Seçim bildirgeleri ve vaatleri açıklandıktan sonra seçmenler karşılaştırma ve değerlendirmeleri ibretle izliyor. Medyada Ak Parti ve CHP'nin seçim beyannamelerinde geçen bazı kelimelerin sayı açısından karşılaştırılmış bir tablosu oldukça ilginç geldi. Buna göre adalet, ekonomi, bilim, eğitim, insan ve sanayi gibi motor kelimeler Ak Partinin beyannamesinde oldukça fazla geçiyor. Tabi böylece Ak Parti bununla ‘hayal ettiklerimizi onlar düşünemezler' mesajını vermiş oluyor. Aslında yönlendirmenin bir farklı boyutunu burada görmüş oluyoruz.
Yine de 16 yıllık iktidarın geçen yıllarda seçim vaatleri konusunda bu kadar detaycı olmaması ve yüksek bir güvenle seçime girmesini düşündükçe bu seçimde detaylara girmesindeki realiteyi ‘bir kaygı refleksine' bağlıyorum. Buna paralel olarak muhalefetin vaatlerini bastıracak yüksek dozajda açıklamalar yapıp detaylara varıncaya dek vaatlerde bulunmaları muhalefetin terbiyesi değil, kendi endişeleridir diye düşünemeden edemiyor insan. Demek ki seçmenin buna ihtiyacı var ve dikkate alınması için iktidarın gizli de olsa bir endişe taşıması gerekiyormuş.
Elbette baskın bir seçim vaatleri bildirgesiyle ‘ben her şeyi düşündüm, sizin düşünmenize gerek yok' psikolojisi yansıyor.

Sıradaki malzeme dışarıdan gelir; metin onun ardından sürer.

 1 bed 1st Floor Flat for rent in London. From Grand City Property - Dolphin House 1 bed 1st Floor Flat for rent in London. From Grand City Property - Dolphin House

Bu vaatler, halk açısından önem arz etse de halka maliyet teşkil etmemelidir. Bakınız bir otomobilin bir geçişlik ücreti: Avrasya tünelinden 19.20, Yavuz Selim yani üçüncü köprüden 13.05, Osmangazi'den 71.75 lira. Şimdi bir de bu fiyatların reel hallerine bakalım: Yavuz Selim'in ve Osmangazi'nin yan bağlantı yollarının ücretleri bu fiyatlarda yok. Yani köprülere ulaşıncaya kadar her iki köprüye yukarıdaki geçiş ücretlerine ilaveten 35-40 tl gibi bir ekstra ücret ayrıca ekleniyor. Böylelikle vatandaş 13 değil 55, 71.75 değil, 100 lirayı aşan bir meblağı sadece gidiş için öderken geliş için de ayrıca bu kadar ödemek zorunda kalıyor.

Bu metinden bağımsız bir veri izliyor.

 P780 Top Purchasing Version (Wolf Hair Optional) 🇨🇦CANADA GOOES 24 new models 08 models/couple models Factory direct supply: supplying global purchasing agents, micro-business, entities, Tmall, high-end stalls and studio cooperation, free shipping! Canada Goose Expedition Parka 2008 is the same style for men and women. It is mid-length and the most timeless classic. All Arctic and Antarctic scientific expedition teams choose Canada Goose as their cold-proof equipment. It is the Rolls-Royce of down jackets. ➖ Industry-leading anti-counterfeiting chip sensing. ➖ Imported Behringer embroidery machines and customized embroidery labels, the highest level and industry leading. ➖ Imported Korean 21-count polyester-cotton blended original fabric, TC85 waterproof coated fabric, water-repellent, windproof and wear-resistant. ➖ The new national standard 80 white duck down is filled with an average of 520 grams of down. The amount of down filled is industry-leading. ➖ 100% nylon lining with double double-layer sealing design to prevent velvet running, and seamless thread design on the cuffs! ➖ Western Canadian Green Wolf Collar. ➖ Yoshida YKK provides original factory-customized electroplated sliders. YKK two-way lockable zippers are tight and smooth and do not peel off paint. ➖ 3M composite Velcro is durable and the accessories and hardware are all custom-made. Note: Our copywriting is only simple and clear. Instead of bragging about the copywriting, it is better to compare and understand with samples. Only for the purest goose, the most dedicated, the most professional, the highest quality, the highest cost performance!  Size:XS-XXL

Hizmet açısından yol, köprü ve tünel gibi halk yararına olan gelişmeler güzel de bu ücretlerle hizmetin zehire dönmesi güzel değil. Öyle ki bayram geçişlerine bakın; yüksek ücretli diye Yavuz Selim'den trafik akıcı, Fatih Sultan ve 15 Temmuz köprülerinde ise yoğun.

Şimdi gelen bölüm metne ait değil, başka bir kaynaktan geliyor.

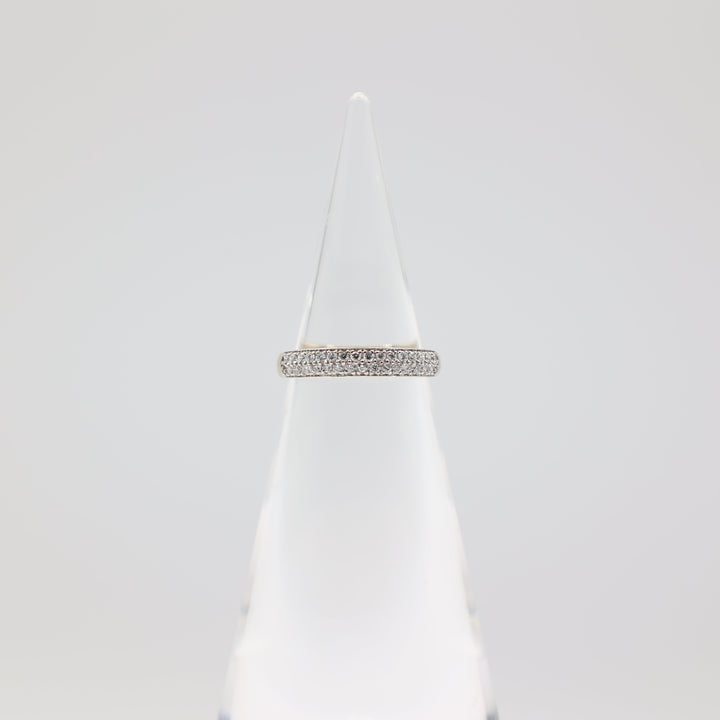 14k White Gold Pave Diamond Encrusted Wedding Band Ring - Size 6.5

Tabi bunların yıllık bazda garanti edilen geçiş miktarının doğurduğu açıklığa devletin garantör olarak ödeme yapması ayrı bir mesele. Gerçekleşen bu mali açığın ne durumda olduğunu bilmiyoruz. Bir de bu olanların üçüncü havalimanı bazında paraya dökülmesini düşündükçe havaalanına gidinceye kadar atılan her adımın ayakbastı parasına dönüşmeyeceğini kim garanti edebilir ki? Zira yine özel sektör “yap, işlet, devret” diye vatandaşın cebinden alacak gibi görünüyor.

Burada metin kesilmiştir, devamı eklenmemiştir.